En prononçant ces mots, Erri De Luca manifestait son soutien aux habitants du Val de Suse, massivement opposés à la
ligne Lyon-Turin. Selon le code pénal italien, Erri De Luca
encourage à commettre des actes de vandalisme. « Mes mots
entraveraient la réalisation des travaux en causant potentiellement de nouveaux dégâts matériels. Mais ce ne sont pas de
petits dégâts matériels qui ont empêché les travaux jusqu’à
maintenant. C’est la résistance civile, active, à l’unanimité, la
résistance d’une population entière, et cela pendant 20 ans. »

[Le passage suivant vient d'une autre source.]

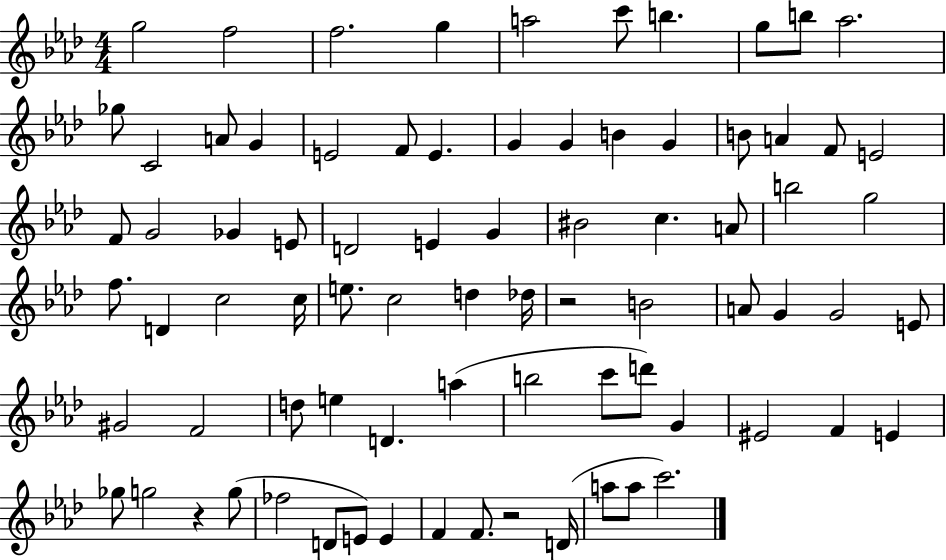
X:1
T:Untitled
M:4/4
L:1/4
K:Ab
g2 f2 f2 g a2 c'/2 b g/2 b/2 _a2 _g/2 C2 A/2 G E2 F/2 E G G B G B/2 A F/2 E2 F/2 G2 _G E/2 D2 E G ^B2 c A/2 b2 g2 f/2 D c2 c/4 e/2 c2 d _d/4 z2 B2 A/2 G G2 E/2 ^G2 F2 d/2 e D a b2 c'/2 d'/2 G ^E2 F E _g/2 g2 z g/2 _f2 D/2 E/2 E F F/2 z2 D/4 a/2 a/2 c'2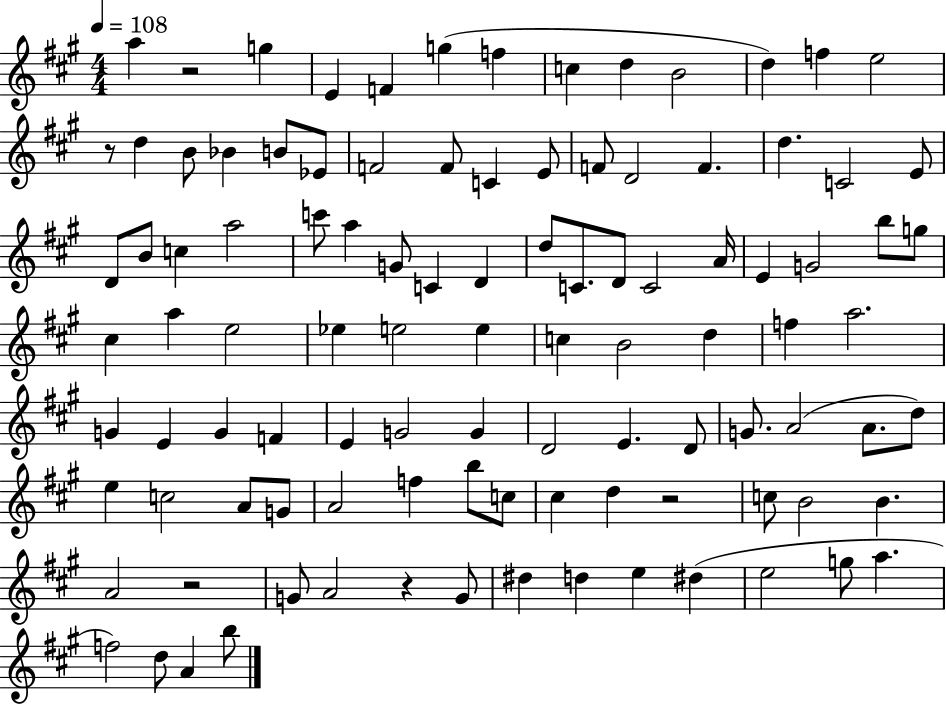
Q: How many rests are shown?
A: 5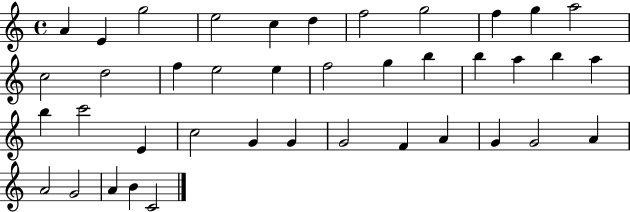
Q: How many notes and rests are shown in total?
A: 40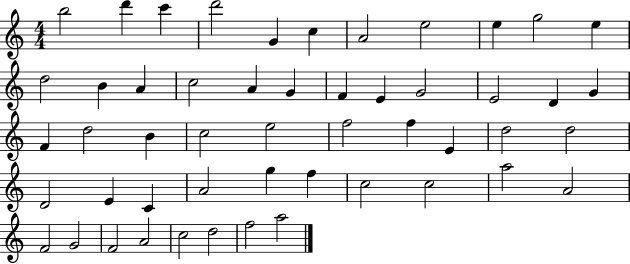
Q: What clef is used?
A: treble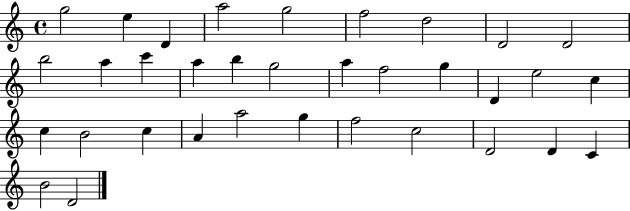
G5/h E5/q D4/q A5/h G5/h F5/h D5/h D4/h D4/h B5/h A5/q C6/q A5/q B5/q G5/h A5/q F5/h G5/q D4/q E5/h C5/q C5/q B4/h C5/q A4/q A5/h G5/q F5/h C5/h D4/h D4/q C4/q B4/h D4/h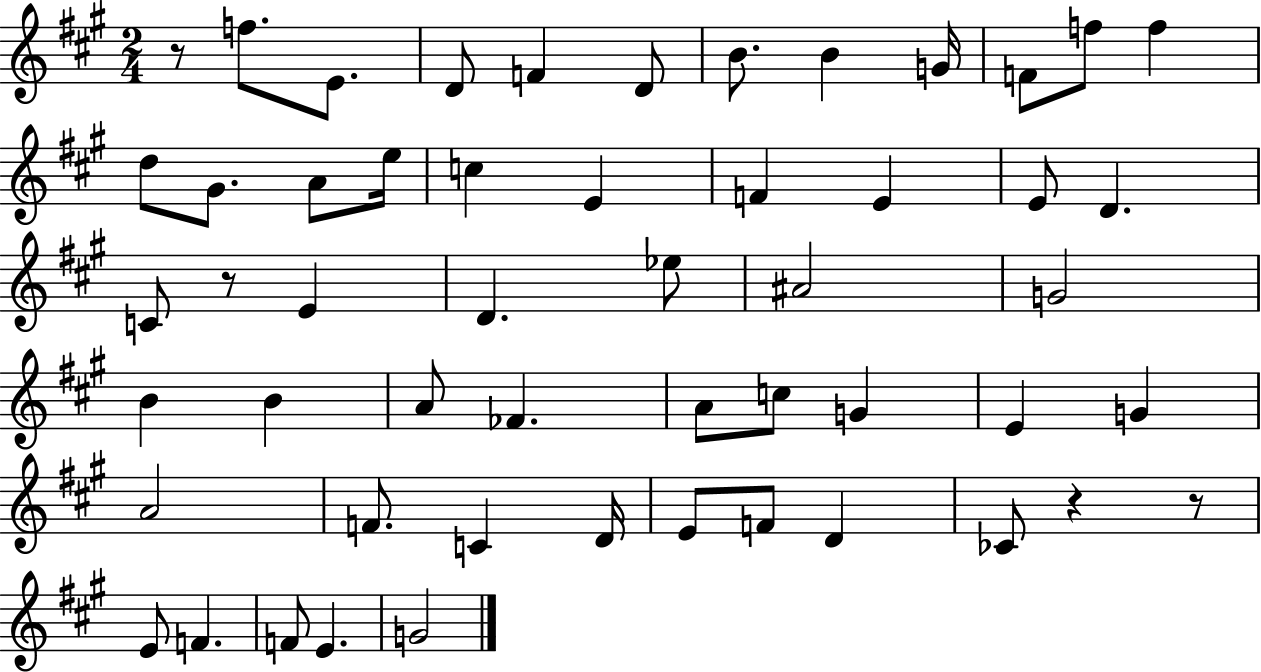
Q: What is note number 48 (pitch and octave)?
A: E4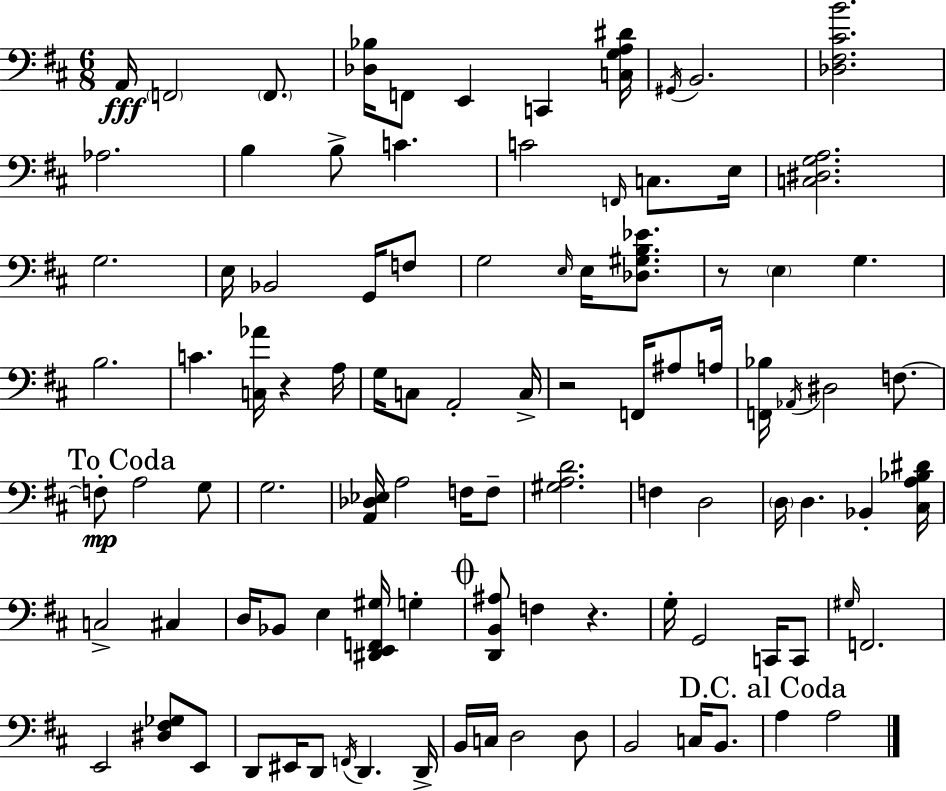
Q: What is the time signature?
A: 6/8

Pour Erri De Luca, et pour des milliers de citoyens européens
signataires d’une pétition en faveur du retrait de la plainte,
la justice italienne s’attaque ici au droit constitutionnel de
parole, inaliénable, d’un auteur. Quand il intervient dans les
médias ou en public, Erri De Luca apparaît d’ordinaire calme.
Il accueille les questions avec une sérénité remarquable.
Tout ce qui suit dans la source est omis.